Appearing in "Chapter Three: Cracked Up"
- Junkyard Dog
- Poison Ivy
- Jane Doe
- Harvey Bullock
- Jason Blood
- Security Guard Wrigley (Only appearance; dies)
Synopsis for "Chapter Three: Cracked Up"
Meanwhile Doodlebug bribes a security guard, "Wrigley," to let him out of his cell using a self-portrait that would be worth a lot of money on eBay. The guard escorts him to the joint cell of "Pamela Isley" and "Margaret Pye" (Poison Ivy and Magpie respectively), where it is revealed that he had in fact been the one in possession of the mirror shank (see previous issue). He declines to do anything violent with it however, instead opting to trade the "shiny object" to Magpie in return for sex, which seems to be a standard deal with her.

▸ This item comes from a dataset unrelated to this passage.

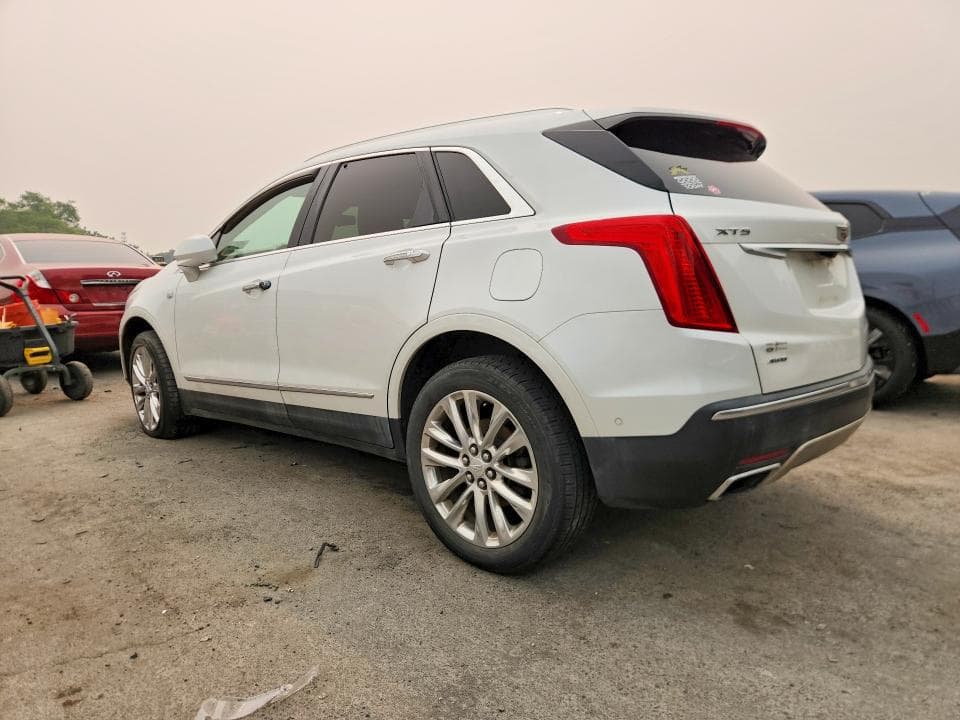 2017 CADILLAC XT5 PLATINUM 2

Humpty Dumpty tells of how he had been orphaned at a young age, and forced to live with his abusive grandmother. He had always been an even-tempered man, but he just could never tolerate when things simply did not work. Frustrated two many times by faulty machinery, he began taking do it yourself books out of the library, and "fixing" things late at night in secret, such as trains that had left before they were scheduled, or ATMs that didn't work. These repairs always ended in disaster, and the object in question would usually be completely destroyed the next day. His final repair, on the Gotham Clock Tower had caused a chain reaction that knocked down all of the gigantic props on Gotham City's rooftops they were so famous for into the streets. He was tracked down by Batgirl, who as a librarian had been able to find him by his overdue books. He immediately turned himself in, having not meant any harm, but Batgirl was also curious as to why he had taken out a copy of Gray's Anatomy. Apparently, believing her to require repair, Humpty had taken apart his own grandmother and tried to put her back together again.

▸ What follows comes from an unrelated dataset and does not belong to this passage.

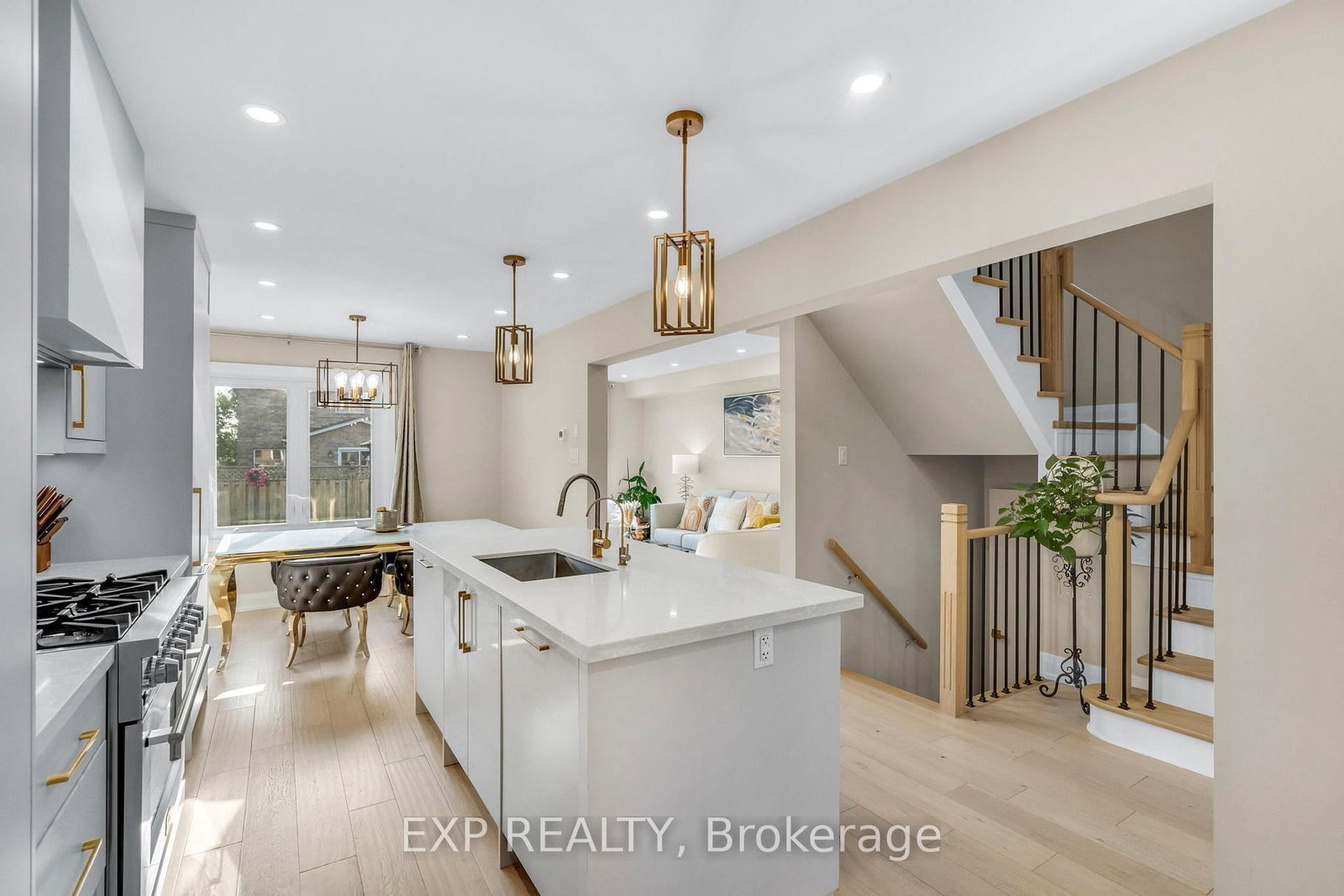 Detached House sold at 66 Whitefaulds Road, Vaughan, Ontario, L6A 2K4 - Maple - MLS: N12377530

Meanwhile, Jane Doe assumes Wrigley's identity, and escorts an oblivious Doodlebug back to his cell, leaving the door slightly ajar on purpose.
In the Gotham City Morgue, despite his considerable jadedness, Harvey Bullock is confronted with a corpse whose condition makes even him throw up. There's a mysterious new serial killer in Gotham, whose victims Jason Blood tells him have "all committed the same sin."
- This book was first published on July 2, 2003.
- No special notes.
- White notes that after the destruction caused by Humpty Dumpty, an act was passed banning all gigantic props in Gotham City, which explains their strange over-abundance in the Golden and Silver Ages, then their sudden drop from view. This act is referred to as the "Sprang Act," a nod to classic Batman Creator "Dick Sprang."